Bei 16 Fußballbundesligisten stehen laut Bundesregierung Neonazis mit auf der Tribüne. Die Vereine haben das Problem jahrelang ignoriert. Weil Teams wie Borussia Dortmund oder Eintracht Braunschweig um ihr Image fürchteten, konnte die rechtsextreme Szene weiter wachsen.

Von Olaf Sundermeyer | 01.03.2014
    Dortmund sieht sich als Fußballhauptstadt. Aber die Stadt ist auch eine Hochburg der rechtsextremen Szene. In den vergangenen Jahren wurden hier fünf Menschen durch Neonazis getötet. Dutzende zum Teil schwer verletzt.

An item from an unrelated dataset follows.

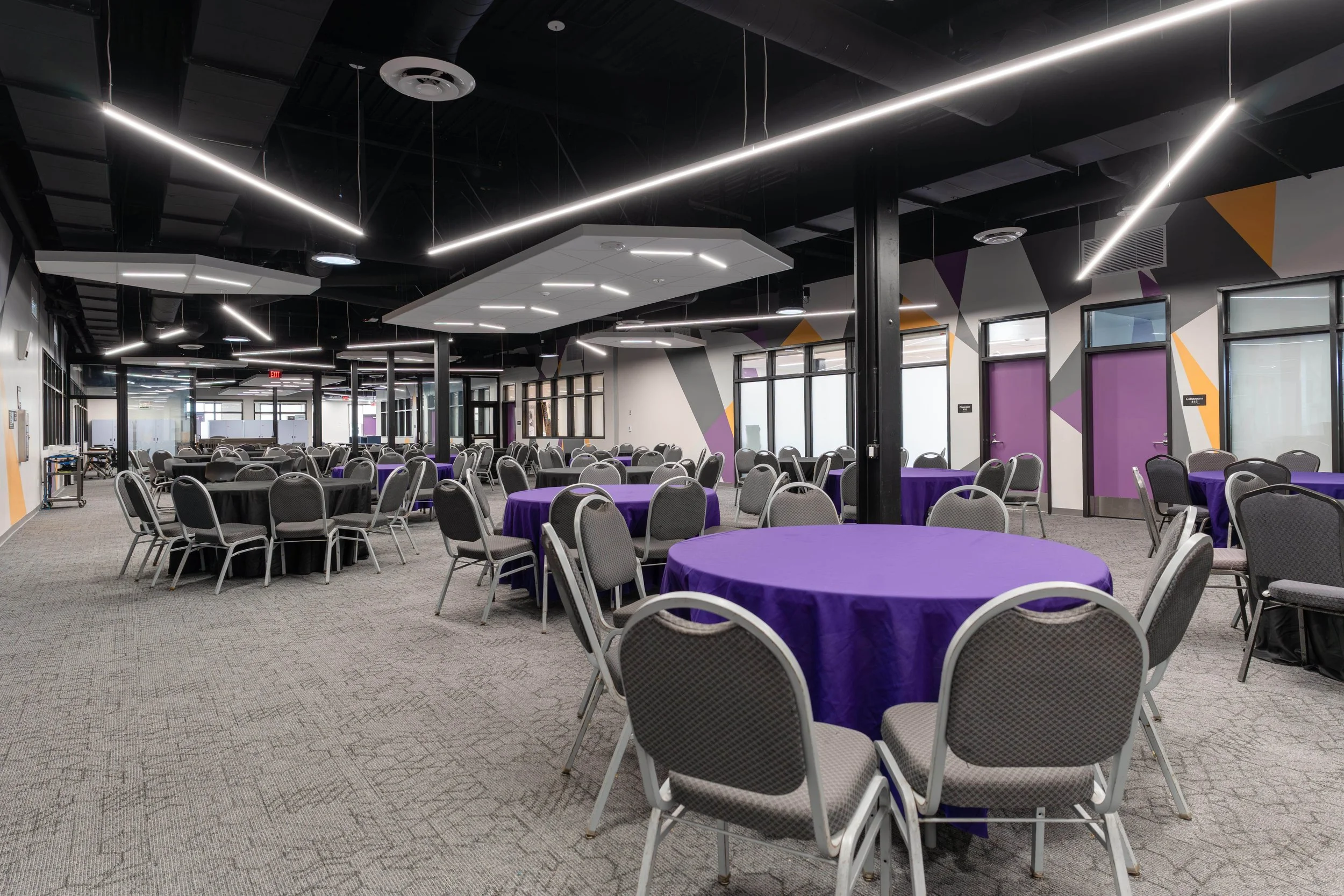 Empty banquet hall with round tables covered with purple tablecloths, gray chairs, modern ceiling lights, and colorful wall accents.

    Gewaltforscherin Claudia Luzar sagt: Fast alle diese Täter kommen aus der Fanszene.
    "Diese Rechtsextremisten bis auf einen sind auch BVB-Fans, das sind Kinder dieser Stadt. Ohne die Südtribüne und ohne den BVB würde die rechtsextreme Szene nicht so stark sein, wie sie ist."

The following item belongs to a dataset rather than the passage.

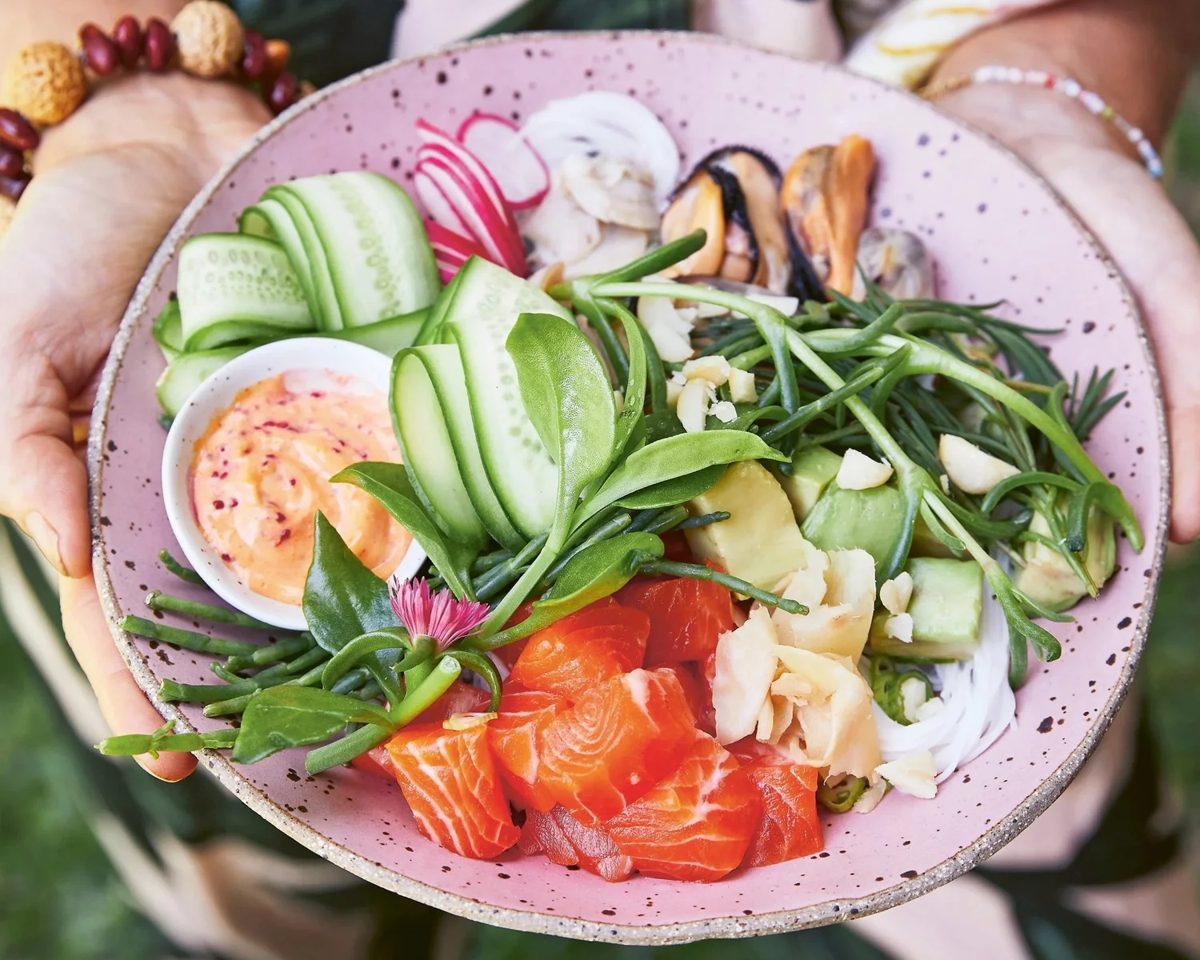 Native inspired poke bowl with salmon and sea greens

    Die Wissenschaftlerin von der Universität Bielefeld führt in Dortmund seit Jahren Interviews mit Neonazis und deren Opfern. Sie sagt, dass der BVB sich erst seit eineinhalb Jahren intensiv mit dem rechtsextremen Problem auseinandersetzt. Vorher habe der Verein seine soziale Verantwortung vernachlässigt, sagt Claudia Luzar – und verweist auf die Folgen.
    "Dass die Szene größer geworden ist, dass die Szene die rechtsextreme Szene, auch über den BVB rekrutiert hat, auch über die Fan-Szene, auch mit dem Mittel der Gewalt, was für Fußball-Fans ja auch attraktiv ist."
    Auch Dennis fand auf der Südtribüne Anschluss an die rechtsextreme Szene. Vor zwei Jahren ist er ausgestiegen. Um ihn zu schützen, muss seine echte Identität geheim bleiben. Der Verein, sagt er, habe den Neonazis im Stadion kaum etwas entgegengesetzt.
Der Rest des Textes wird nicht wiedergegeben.